Kokatats are not cheap. Given how much we spend on boating, very worth it. Especially if if gets you into October when all the bozos are off the lake. We have 3 of them and I'm saving up for another one next summer. It also gets the kids out in frigid water.



Old     (Pad1Tai)      Join Date: Jan 2013       10-26-2014, 7:44 AM Reply   
Mr Bakes... You guys are hard core at 8600 feet.... Thanks for the info... Glad I live in south Texas where a good wetsuit and a hot shower system to fill up the suit is money....
Old     (bftskir)      Join Date: Jan 2004       10-26-2014, 10:57 AM Reply   
Curious what lake you are on at 8600 ft?
Old     (Bakes)      Join Date: Mar 2010       10-26-2014, 11:40 AM Reply   
Grand lake and Lake Granby. They are actually a is a bit less than 8,400 feet but still way up there compared to Tacoma and Louisiana where we had been boating for the 5 prior summers. I had to re-prop after moving here from Louisiana.

Grand Lake and Granby are the only lakes I have found that I can expect to get good water here in Colorado. The only problem is that there is no warming up once cold. We rented a cabin there for a week in August and dry suited every day.

About the only thing I miss about Louisiana was the endless warm water on the red river. Even still, we used the drysuit when we would go out in dec, jan, feb.

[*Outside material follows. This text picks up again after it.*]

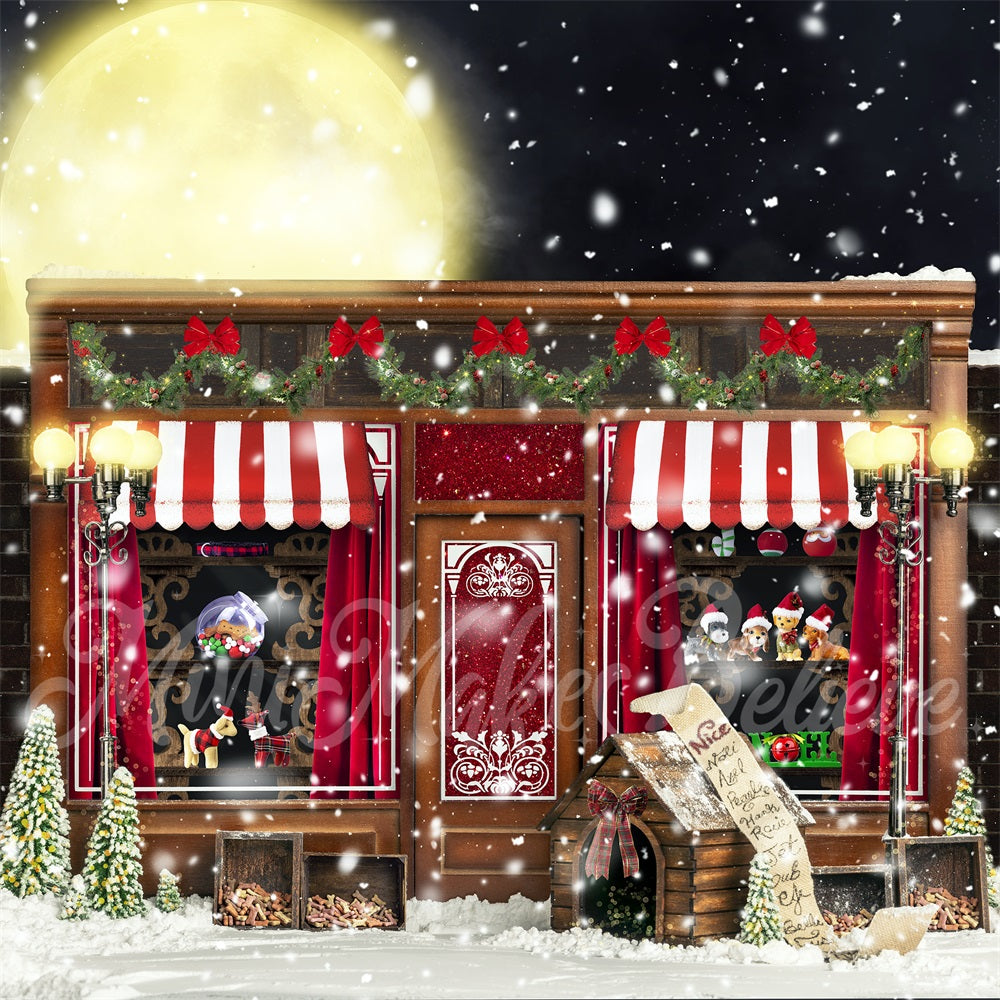 Kate Christmas Winter Vintage Pet Store Backdrop Designed by Mini MakeBelieve -UK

In any case, a drysuit is in the same category as perfect pass and a tower for boating. Not absolutely needed, but makes the experience so much better.....especially at altitude.

For those of you getting chocked by the rubber seal, take some nice sharp scissors and cut away about 5mm. There should be a bunch of concentric lines that you can use as a guide. Use that for a few sessions. If no water is getting in and you are still getting chocked then cut another 5mm off the neck. Go slowly and carefully here as you need to be precise and you cannot put it back on.

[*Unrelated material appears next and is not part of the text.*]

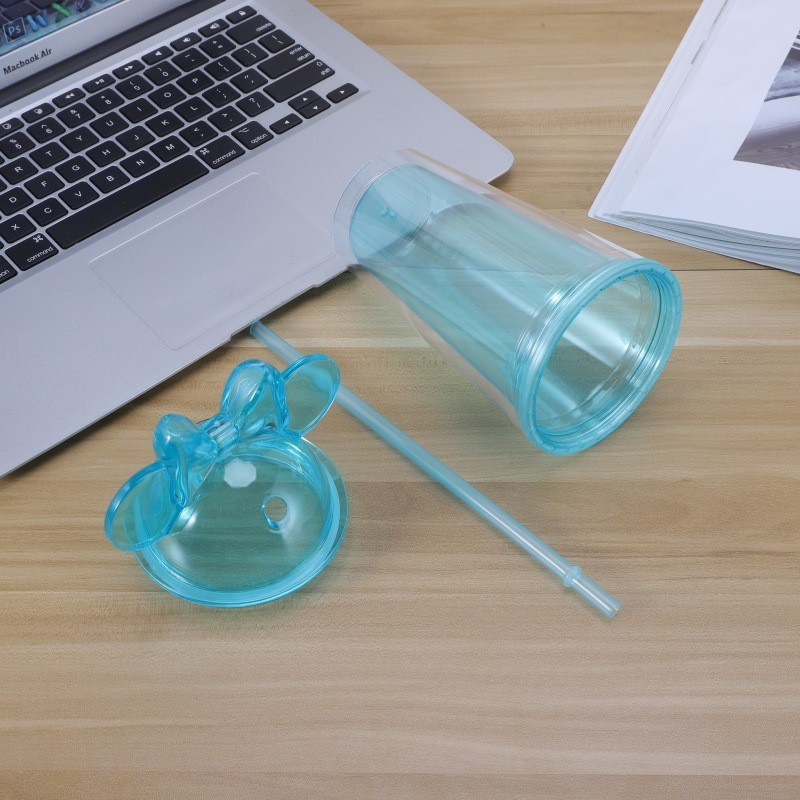 16oz Plastic Acrylic Double Wall  Minnie Tumbler with Plastic Straw - Chinese Warehouse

Old     (bftskir)      Join Date: Jan 2004       10-26-2014, 1:57 PM Reply   
You also need to let the air out or you can pop the seals in a fall.

I've only ridden my snowmobile across Grand lake. Lived in Boulder but had to move back to California because its just too cold in CO.
Old     (bftskir)      Join Date: Jan 2004       10-26-2014, 2:33 PM Reply   
Also I have not had good results cutting neck seals. It causes the rubber to fray and crack early. If someone complains about the neck seal just remind them that it is not actually enough to choke them and its how the water is kept out. A comfy neck seal is a leaky neck seal. You want it tight. Stick a football or coffee can in it to stretch it out a little if you absolutely must but its better to just get used to it and stay dry.
Old     (brettw)      Join Date: Jul 2007       10-27-2014, 8:09 AM Reply   
I used to get water in my neck when crashing upside down wearing my Assault. I finally figured out to wear a hoodie that covers the neck area with it. No water in my neck since then, and if it's cold enough to wear something like a drysuit, you should be wearing a hood anyway. Plus side is it's nice to have a warm head, and it helps provide some degree of ear protection.